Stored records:
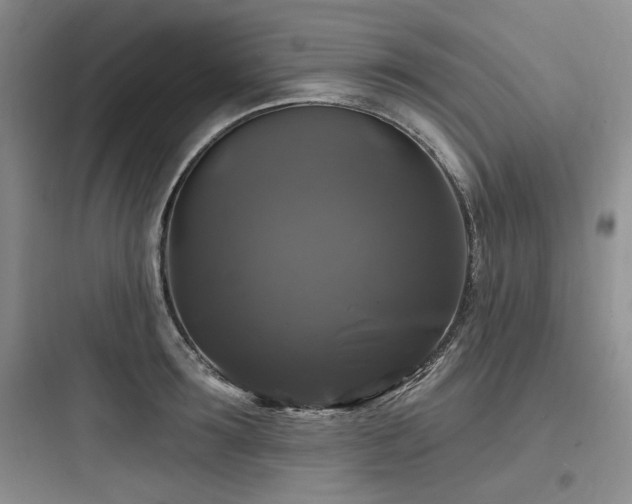 X0000097990899200803241338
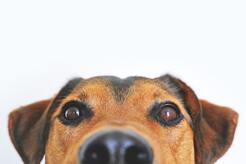 Mobile Dog Grooming - Brisbane, QLD, Australia Mobile Dog Grooming - Brisbane, QLD, Australia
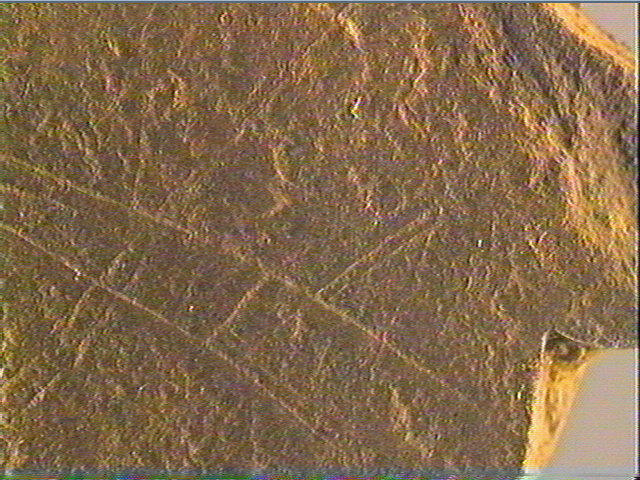 Plaquette (fragment)_5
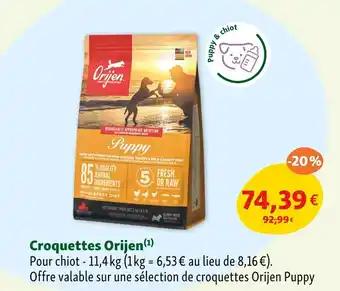 Croquettes Orijen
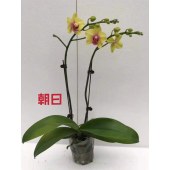 蝴蝶兰-朝日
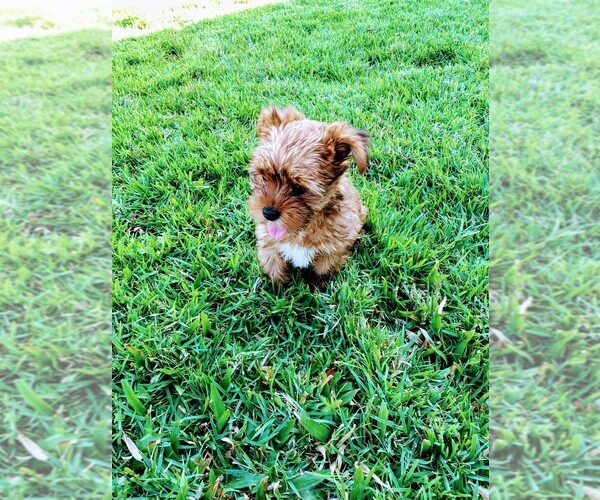 Medium Photo #5 Yorkshire Terrier Puppy For Sale in SAINT CLOUD, FL, USA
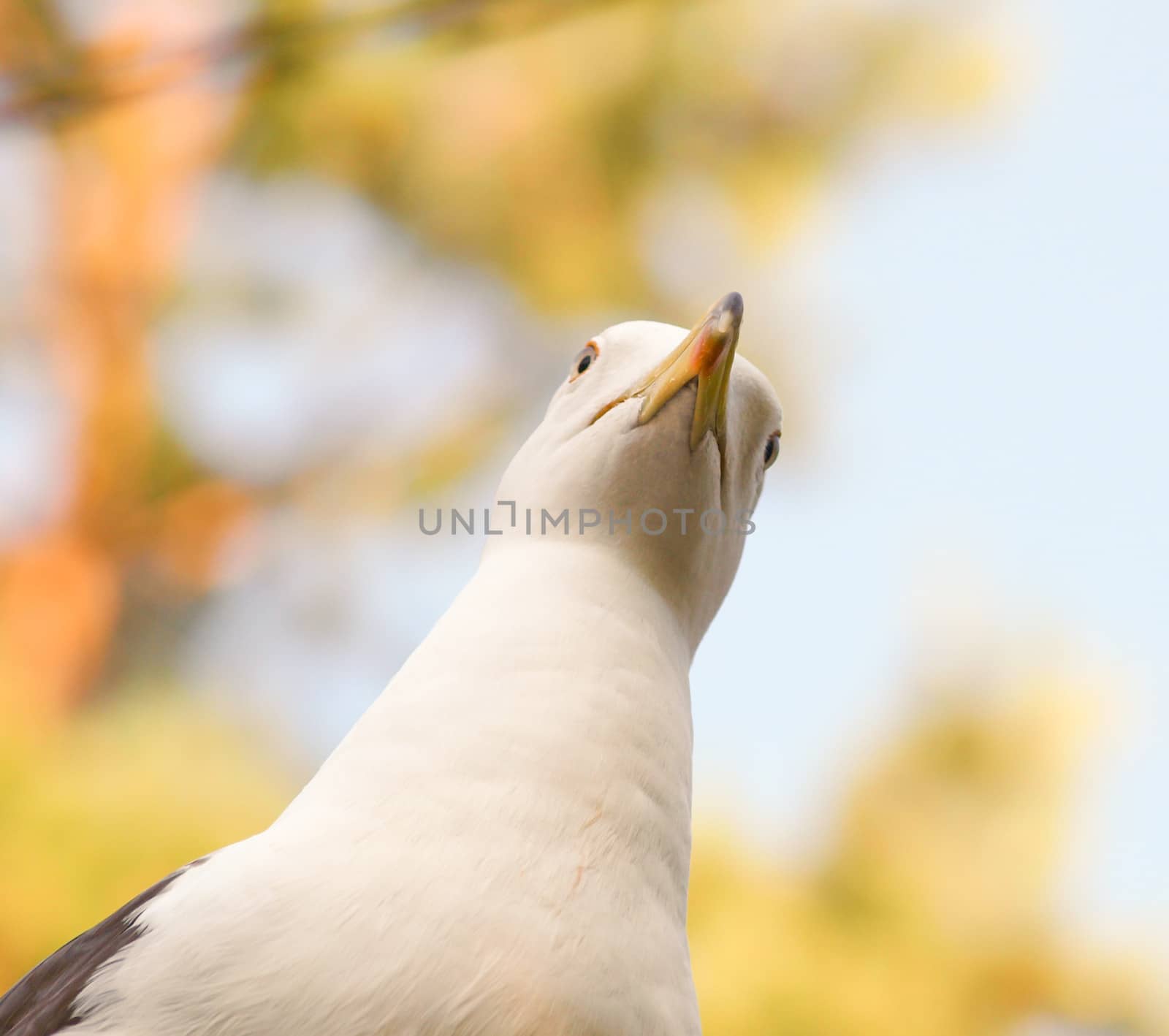 Seagull staring downwards with blue sky and autumn colors in background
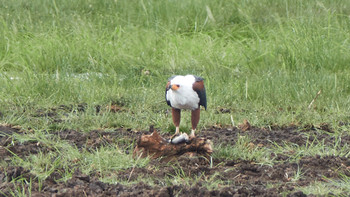 African Fish Eagle Lake Manyara National Park Sat, 5/4/2019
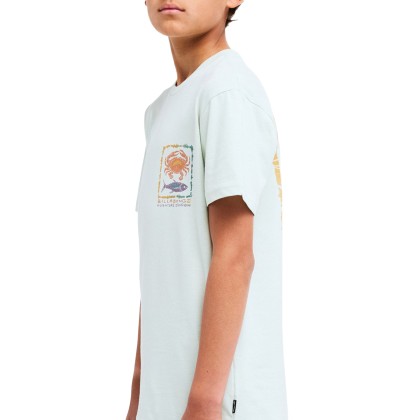 Billabong T-shirt Fauna Mist Green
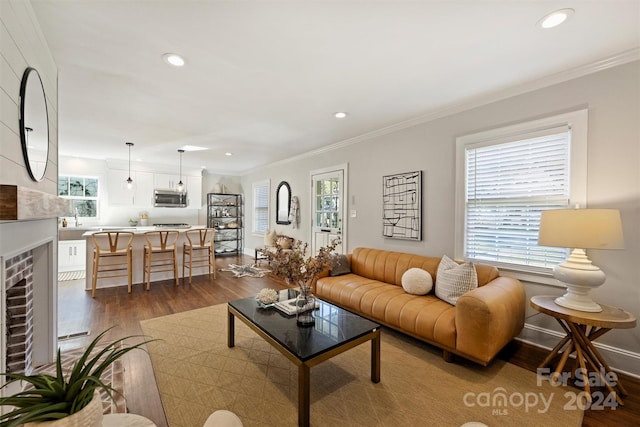 living room with crown molding, a fireplace, and dark wood-type flooring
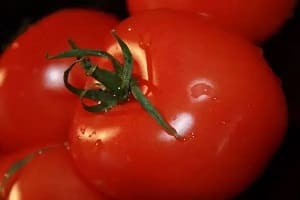 Подкормка томатов в июне после высадки для хорошего урожая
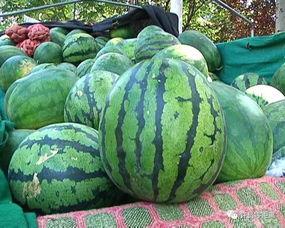 如何看待吃瓜盟主,网络舆论场中的“瓜农”力量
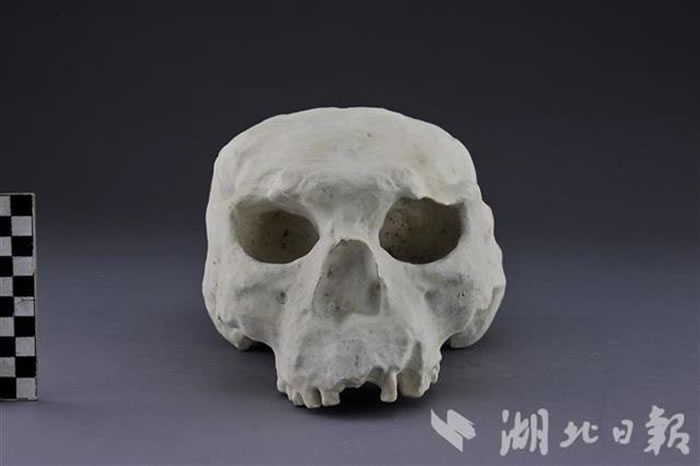 复原头骨(郝勤建摄)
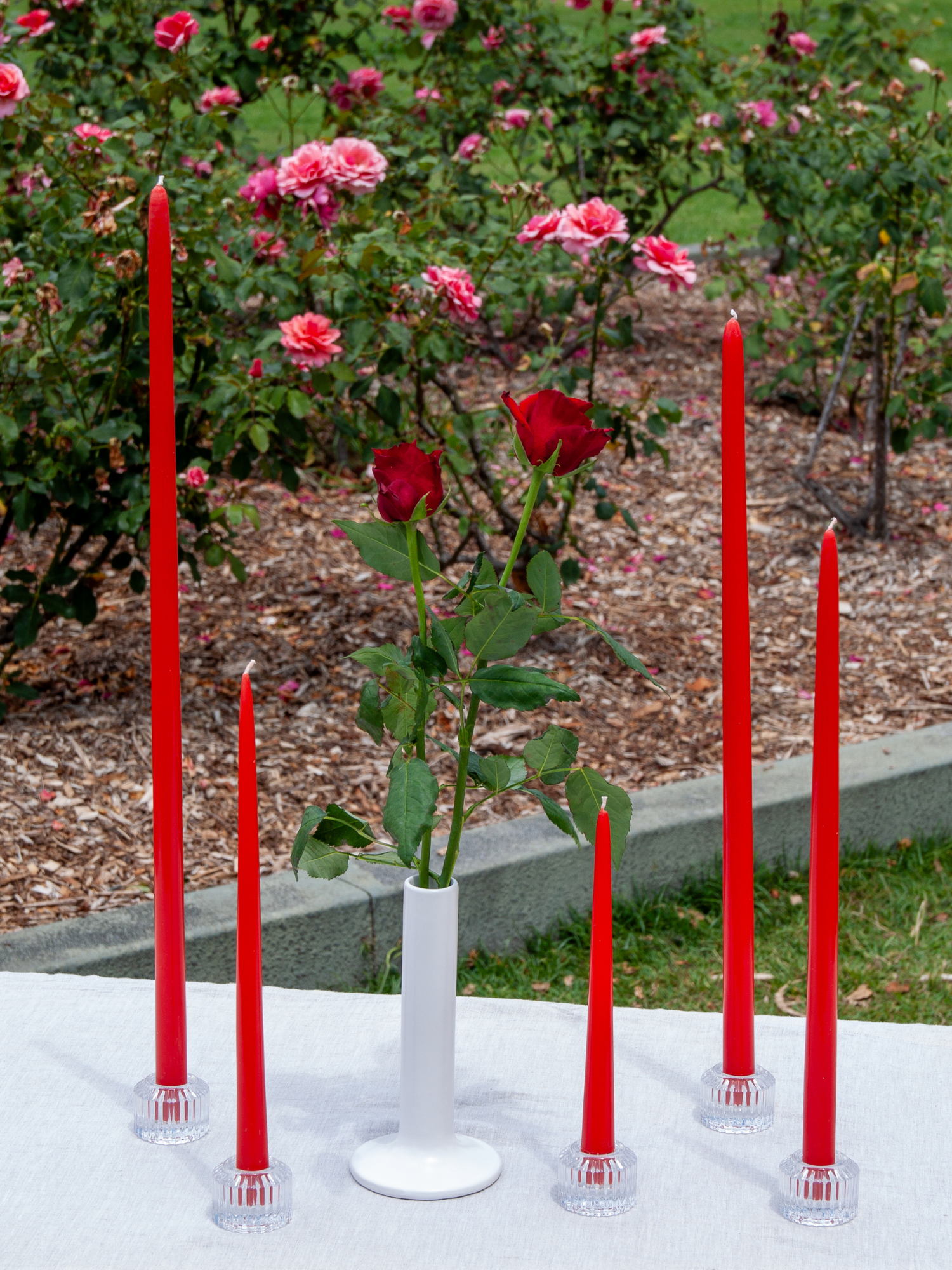 Scarlet 25cm Taper Candles Pack of 4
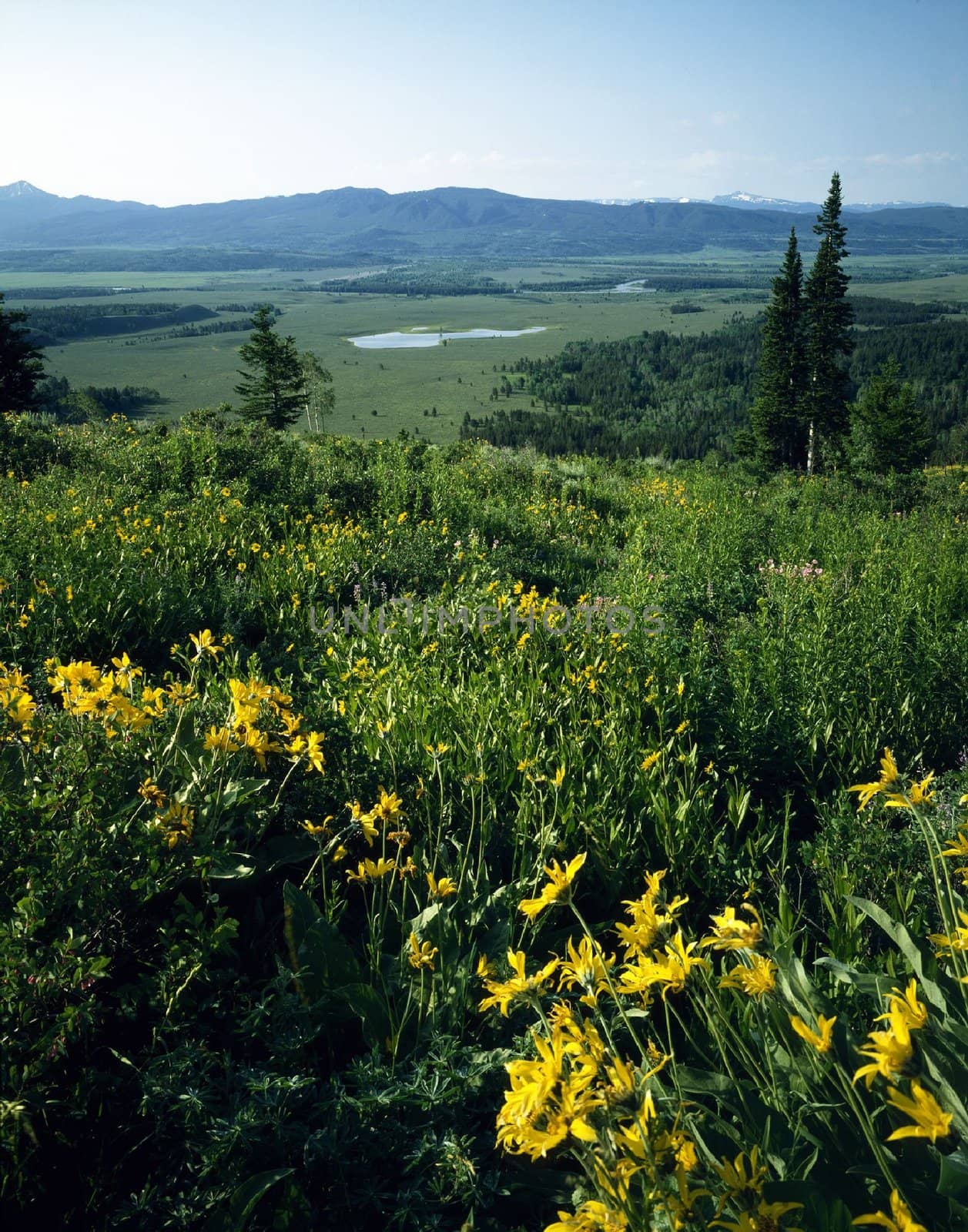 Jackson Hole, Wyoming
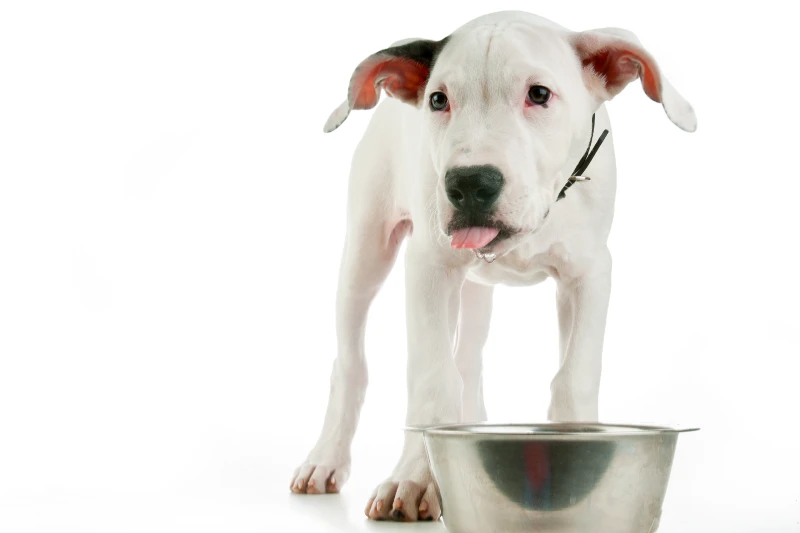 dogo argentino with a stainless bowl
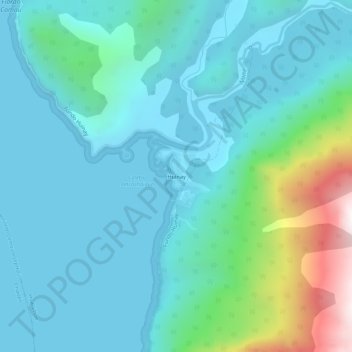 Mappa topografica Huinay, altitudine, rilievo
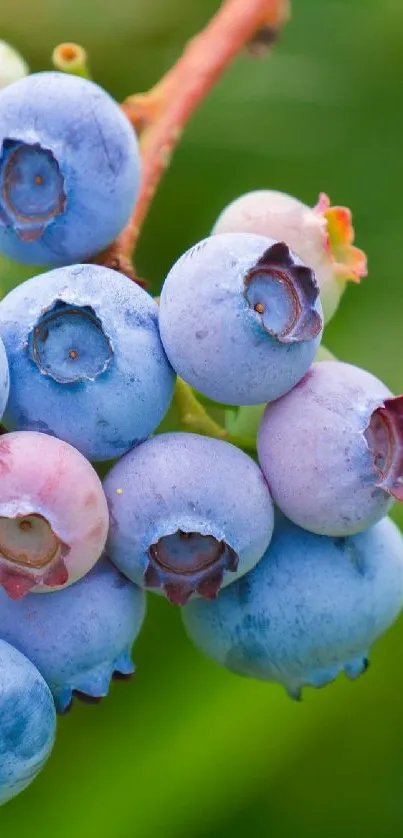 Cluster of blueberries with a vibrant green background.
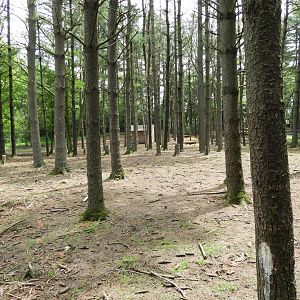 White-Tailed Deer walk-through (second half) - Wilderness Trail - Animal Gardens Petting Zoo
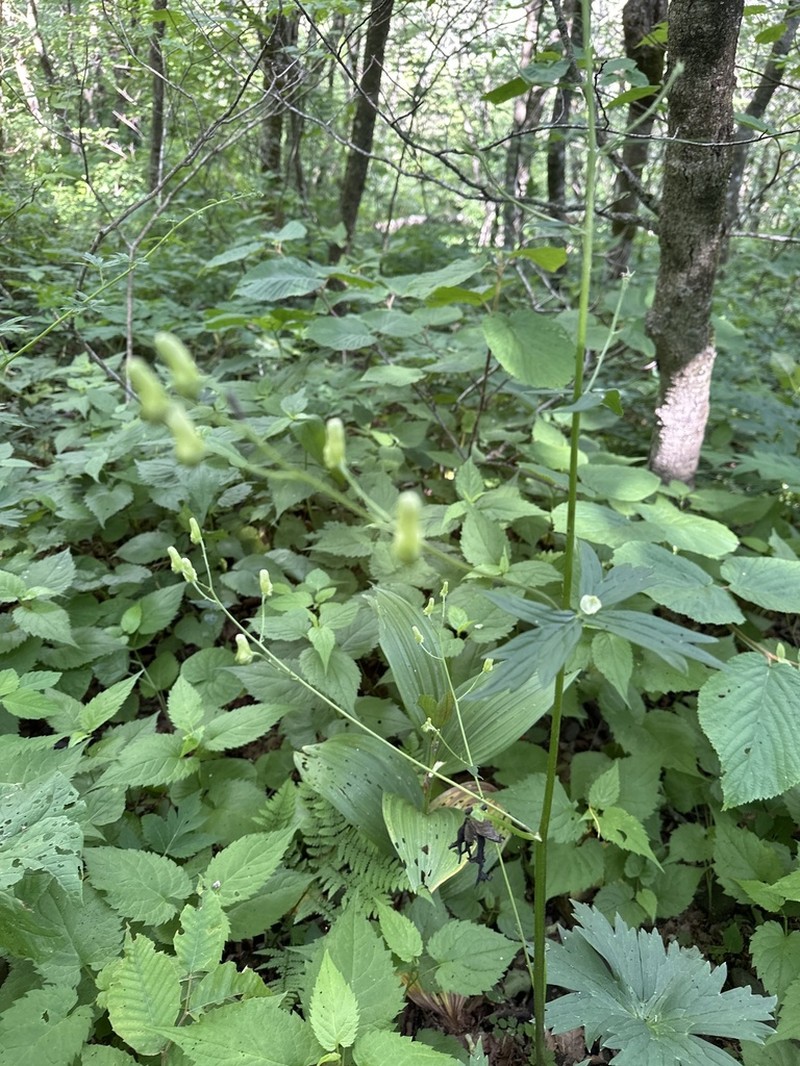 Trailing White Monkshood photo 3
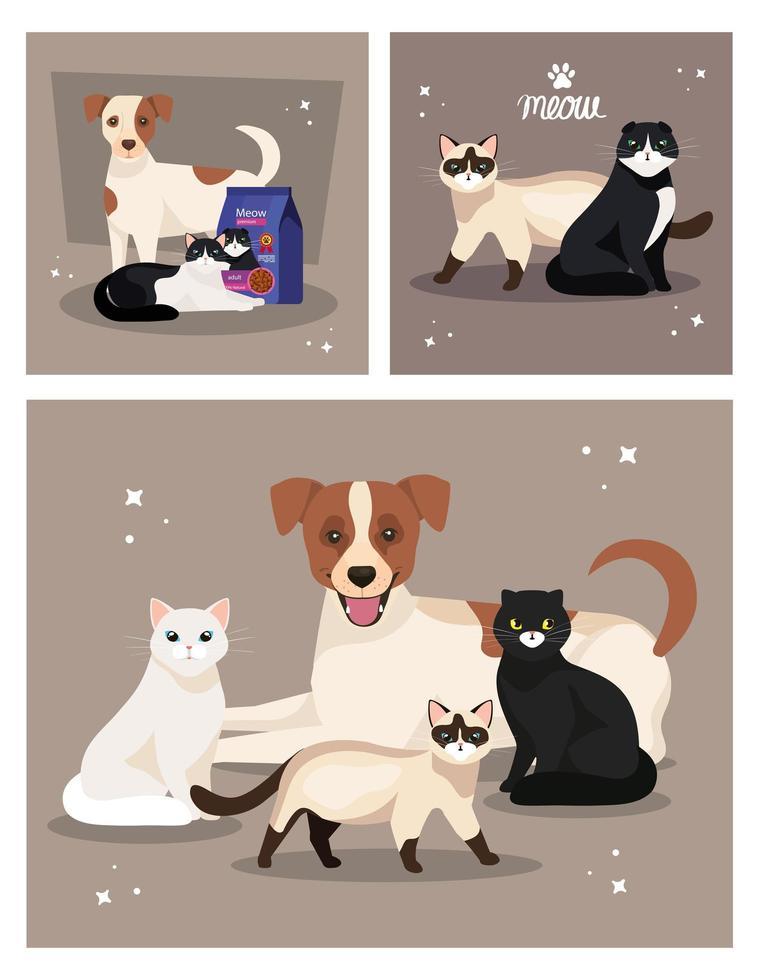 set poster di simpatici cani e gatti vettore
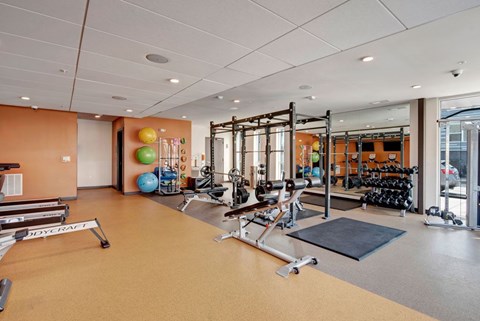 A gym with a variety of equipment including a squat rack, dumbbells, and a bench.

Task instructions: All of the records need to be reproduced exactly, with each picture omitted.

Solution for this problem:
 X0000097990899200803241338
 Mobile Dog Grooming - Brisbane, QLD, Australia Mobile Dog Grooming - Brisbane, QLD, Australia
 Plaquette (fragment)_5
 Croquettes Orijen
 蝴蝶兰-朝日
 Medium Photo #5 Yorkshire Terrier Puppy For Sale in SAINT CLOUD, FL, USA
 Seagull staring downwards with blue sky and autumn colors in background
 African Fish Eagle Lake Manyara National Park Sat, 5/4/2019
 Billabong T-shirt Fauna Mist Green
 living room with crown molding, a fireplace, and dark wood-type flooring
 Подкормка томатов в июне после высадки для хорошего урожая
 如何看待吃瓜盟主,网络舆论场中的“瓜农”力量
 复原头骨(郝勤建摄)
 Scarlet 25cm Taper Candles Pack of 4
 Jackson Hole, Wyoming
 dogo argentino with a stainless bowl
 Mappa topografica Huinay, altitudine, rilievo
 Cluster of blueberries with a vibrant green background.
 White-Tailed Deer walk-through (second half) - Wilderness Trail - Animal Gardens Petting Zoo
 Trailing White Monkshood photo 3
 set poster di simpatici cani e gatti vettore
 A gym with a variety of equipment including a squat rack, dumbbells, and a bench.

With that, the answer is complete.